-- Data records --
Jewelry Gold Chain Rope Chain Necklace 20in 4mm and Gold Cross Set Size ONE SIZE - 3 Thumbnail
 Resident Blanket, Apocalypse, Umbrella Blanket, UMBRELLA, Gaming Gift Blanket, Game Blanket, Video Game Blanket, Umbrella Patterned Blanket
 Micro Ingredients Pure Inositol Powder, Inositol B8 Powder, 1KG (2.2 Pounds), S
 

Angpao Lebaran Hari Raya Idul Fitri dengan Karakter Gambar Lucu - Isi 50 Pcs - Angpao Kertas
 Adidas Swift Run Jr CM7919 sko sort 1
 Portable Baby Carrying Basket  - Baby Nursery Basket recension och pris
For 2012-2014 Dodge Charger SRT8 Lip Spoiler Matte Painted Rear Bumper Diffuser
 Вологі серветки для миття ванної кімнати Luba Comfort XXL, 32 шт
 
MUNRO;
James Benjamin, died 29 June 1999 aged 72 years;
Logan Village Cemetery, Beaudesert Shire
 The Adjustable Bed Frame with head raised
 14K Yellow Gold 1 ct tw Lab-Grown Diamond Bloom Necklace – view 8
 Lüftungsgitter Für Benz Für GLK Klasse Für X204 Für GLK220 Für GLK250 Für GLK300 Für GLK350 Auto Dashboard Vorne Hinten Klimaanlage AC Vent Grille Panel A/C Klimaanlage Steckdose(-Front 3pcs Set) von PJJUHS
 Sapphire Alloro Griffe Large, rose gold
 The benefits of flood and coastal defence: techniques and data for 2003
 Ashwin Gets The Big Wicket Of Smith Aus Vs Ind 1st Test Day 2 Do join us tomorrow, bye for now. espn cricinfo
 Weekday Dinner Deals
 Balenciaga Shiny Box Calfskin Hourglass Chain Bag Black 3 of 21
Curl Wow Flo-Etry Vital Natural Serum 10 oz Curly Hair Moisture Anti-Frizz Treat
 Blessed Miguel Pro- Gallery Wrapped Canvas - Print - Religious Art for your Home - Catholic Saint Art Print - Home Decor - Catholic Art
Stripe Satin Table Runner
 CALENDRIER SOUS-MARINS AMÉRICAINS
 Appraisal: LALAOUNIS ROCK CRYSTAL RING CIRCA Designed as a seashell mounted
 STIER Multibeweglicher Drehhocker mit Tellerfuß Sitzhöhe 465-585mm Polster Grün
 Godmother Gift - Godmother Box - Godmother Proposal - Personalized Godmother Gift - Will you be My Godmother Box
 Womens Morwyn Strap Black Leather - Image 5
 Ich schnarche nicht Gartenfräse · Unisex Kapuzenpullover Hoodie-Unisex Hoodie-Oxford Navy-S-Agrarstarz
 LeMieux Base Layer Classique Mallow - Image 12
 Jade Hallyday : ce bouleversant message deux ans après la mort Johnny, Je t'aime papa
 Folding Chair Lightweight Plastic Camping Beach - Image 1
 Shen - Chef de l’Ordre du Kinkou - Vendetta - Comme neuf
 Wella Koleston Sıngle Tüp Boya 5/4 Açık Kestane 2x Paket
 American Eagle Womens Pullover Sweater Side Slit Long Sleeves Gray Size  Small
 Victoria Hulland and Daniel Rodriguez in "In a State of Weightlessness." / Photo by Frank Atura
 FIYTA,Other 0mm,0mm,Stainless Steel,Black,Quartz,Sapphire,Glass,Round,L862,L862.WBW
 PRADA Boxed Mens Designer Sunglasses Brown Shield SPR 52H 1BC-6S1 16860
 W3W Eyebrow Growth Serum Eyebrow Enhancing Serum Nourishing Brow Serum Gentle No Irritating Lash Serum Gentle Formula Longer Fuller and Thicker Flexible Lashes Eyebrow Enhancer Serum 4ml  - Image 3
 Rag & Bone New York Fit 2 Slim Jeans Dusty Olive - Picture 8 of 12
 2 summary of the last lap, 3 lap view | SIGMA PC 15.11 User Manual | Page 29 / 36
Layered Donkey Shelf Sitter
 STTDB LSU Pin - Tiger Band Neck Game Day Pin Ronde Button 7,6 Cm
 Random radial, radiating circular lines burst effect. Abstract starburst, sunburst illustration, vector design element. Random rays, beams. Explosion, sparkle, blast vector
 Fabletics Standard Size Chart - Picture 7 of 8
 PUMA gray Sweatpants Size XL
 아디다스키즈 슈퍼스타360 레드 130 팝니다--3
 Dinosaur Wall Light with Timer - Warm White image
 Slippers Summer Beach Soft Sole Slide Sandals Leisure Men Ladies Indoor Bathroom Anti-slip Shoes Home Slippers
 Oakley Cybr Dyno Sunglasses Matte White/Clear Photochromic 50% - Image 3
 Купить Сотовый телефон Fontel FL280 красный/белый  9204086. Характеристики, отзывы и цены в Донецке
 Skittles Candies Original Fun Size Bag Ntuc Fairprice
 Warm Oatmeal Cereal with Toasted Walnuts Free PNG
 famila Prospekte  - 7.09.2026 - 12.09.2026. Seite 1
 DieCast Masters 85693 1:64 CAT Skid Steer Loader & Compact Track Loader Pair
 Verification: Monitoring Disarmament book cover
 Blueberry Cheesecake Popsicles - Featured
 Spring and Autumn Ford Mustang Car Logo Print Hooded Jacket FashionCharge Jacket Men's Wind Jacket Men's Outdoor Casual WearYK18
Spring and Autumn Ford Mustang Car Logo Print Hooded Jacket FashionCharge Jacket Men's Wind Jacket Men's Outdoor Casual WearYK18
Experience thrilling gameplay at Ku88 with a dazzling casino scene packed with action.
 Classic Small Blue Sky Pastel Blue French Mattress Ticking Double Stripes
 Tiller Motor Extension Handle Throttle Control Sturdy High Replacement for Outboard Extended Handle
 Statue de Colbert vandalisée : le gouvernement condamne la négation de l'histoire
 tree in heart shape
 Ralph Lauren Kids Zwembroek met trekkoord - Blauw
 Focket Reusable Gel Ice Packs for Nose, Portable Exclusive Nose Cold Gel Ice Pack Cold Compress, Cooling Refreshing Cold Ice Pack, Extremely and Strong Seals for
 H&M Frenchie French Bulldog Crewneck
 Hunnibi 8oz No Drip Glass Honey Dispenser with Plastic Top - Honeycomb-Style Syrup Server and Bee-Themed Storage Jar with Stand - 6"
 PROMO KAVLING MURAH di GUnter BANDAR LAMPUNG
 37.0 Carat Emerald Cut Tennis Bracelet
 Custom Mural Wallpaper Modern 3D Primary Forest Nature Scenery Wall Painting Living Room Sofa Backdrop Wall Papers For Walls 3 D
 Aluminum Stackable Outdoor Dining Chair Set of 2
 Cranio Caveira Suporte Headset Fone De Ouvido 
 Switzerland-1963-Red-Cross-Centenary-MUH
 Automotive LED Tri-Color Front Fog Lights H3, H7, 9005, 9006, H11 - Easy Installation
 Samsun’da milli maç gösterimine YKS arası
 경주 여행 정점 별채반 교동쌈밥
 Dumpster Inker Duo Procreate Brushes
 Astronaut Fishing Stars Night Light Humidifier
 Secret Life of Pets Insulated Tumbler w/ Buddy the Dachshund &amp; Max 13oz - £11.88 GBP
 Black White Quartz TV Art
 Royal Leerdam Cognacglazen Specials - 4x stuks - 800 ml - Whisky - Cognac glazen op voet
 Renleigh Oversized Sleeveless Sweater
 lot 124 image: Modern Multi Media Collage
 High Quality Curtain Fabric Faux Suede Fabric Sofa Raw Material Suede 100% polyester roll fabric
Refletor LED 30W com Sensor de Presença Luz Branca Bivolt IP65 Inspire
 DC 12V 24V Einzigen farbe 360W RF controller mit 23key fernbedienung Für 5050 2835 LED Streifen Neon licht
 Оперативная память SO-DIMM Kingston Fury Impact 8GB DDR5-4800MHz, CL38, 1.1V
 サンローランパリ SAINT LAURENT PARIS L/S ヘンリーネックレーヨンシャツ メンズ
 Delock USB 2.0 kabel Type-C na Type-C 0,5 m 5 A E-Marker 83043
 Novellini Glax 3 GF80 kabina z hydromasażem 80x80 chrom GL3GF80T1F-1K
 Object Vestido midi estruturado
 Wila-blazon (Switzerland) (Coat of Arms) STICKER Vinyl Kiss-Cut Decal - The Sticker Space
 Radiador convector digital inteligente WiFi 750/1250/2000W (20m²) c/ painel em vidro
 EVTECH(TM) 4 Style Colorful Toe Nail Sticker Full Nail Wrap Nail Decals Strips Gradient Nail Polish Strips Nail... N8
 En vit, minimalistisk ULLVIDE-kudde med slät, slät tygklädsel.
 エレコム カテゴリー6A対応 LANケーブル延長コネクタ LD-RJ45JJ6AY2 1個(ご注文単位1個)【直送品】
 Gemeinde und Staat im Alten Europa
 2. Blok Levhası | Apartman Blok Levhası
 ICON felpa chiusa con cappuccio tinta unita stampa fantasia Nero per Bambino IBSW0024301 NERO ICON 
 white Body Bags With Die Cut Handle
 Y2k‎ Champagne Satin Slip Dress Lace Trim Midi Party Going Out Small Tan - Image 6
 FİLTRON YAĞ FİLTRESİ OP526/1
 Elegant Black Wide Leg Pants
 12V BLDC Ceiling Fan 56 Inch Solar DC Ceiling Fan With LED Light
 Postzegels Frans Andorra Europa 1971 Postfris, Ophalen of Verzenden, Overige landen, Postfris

-- What this task involves --
The required answer is the exact run of lines above starting at the line with "Adidas Swift Run Jr CM7919 sko sort 1" and ending at the line with "PRADA Boxed Mens", with both ends present.

-- Response to this task --
 Adidas Swift Run Jr CM7919 sko sort 1
 Portable Baby Carrying Basket  - Baby Nursery Basket recension och pris
For 2012-2014 Dodge Charger SRT8 Lip Spoiler Matte Painted Rear Bumper Diffuser
 Вологі серветки для миття ванної кімнати Luba Comfort XXL, 32 шт
 
MUNRO;
James Benjamin, died 29 June 1999 aged 72 years;
Logan Village Cemetery, Beaudesert Shire
 The Adjustable Bed Frame with head raised
 14K Yellow Gold 1 ct tw Lab-Grown Diamond Bloom Necklace – view 8
 Lüftungsgitter Für Benz Für GLK Klasse Für X204 Für GLK220 Für GLK250 Für GLK300 Für GLK350 Auto Dashboard Vorne Hinten Klimaanlage AC Vent Grille Panel A/C Klimaanlage Steckdose(-Front 3pcs Set) von PJJUHS
 Sapphire Alloro Griffe Large, rose gold
 The benefits of flood and coastal defence: techniques and data for 2003
 Ashwin Gets The Big Wicket Of Smith Aus Vs Ind 1st Test Day 2 Do join us tomorrow, bye for now. espn cricinfo
 Weekday Dinner Deals
 Balenciaga Shiny Box Calfskin Hourglass Chain Bag Black 3 of 21
Curl Wow Flo-Etry Vital Natural Serum 10 oz Curly Hair Moisture Anti-Frizz Treat
 Blessed Miguel Pro- Gallery Wrapped Canvas - Print - Religious Art for your Home - Catholic Saint Art Print - Home Decor - Catholic Art
Stripe Satin Table Runner
 CALENDRIER SOUS-MARINS AMÉRICAINS
 Appraisal: LALAOUNIS ROCK CRYSTAL RING CIRCA Designed as a seashell mounted
 STIER Multibeweglicher Drehhocker mit Tellerfuß Sitzhöhe 465-585mm Polster Grün
 Godmother Gift - Godmother Box - Godmother Proposal - Personalized Godmother Gift - Will you be My Godmother Box
 Womens Morwyn Strap Black Leather - Image 5
 Ich schnarche nicht Gartenfräse · Unisex Kapuzenpullover Hoodie-Unisex Hoodie-Oxford Navy-S-Agrarstarz
 LeMieux Base Layer Classique Mallow - Image 12
 Jade Hallyday : ce bouleversant message deux ans après la mort Johnny, Je t'aime papa
 Folding Chair Lightweight Plastic Camping Beach - Image 1
 Shen - Chef de l’Ordre du Kinkou - Vendetta - Comme neuf
 Wella Koleston Sıngle Tüp Boya 5/4 Açık Kestane 2x Paket
 American Eagle Womens Pullover Sweater Side Slit Long Sleeves Gray Size  Small
 Victoria Hulland and Daniel Rodriguez in "In a State of Weightlessness." / Photo by Frank Atura
 FIYTA,Other 0mm,0mm,Stainless Steel,Black,Quartz,Sapphire,Glass,Round,L862,L862.WBW
 PRADA Boxed Mens Designer Sunglasses Brown Shield SPR 52H 1BC-6S1 16860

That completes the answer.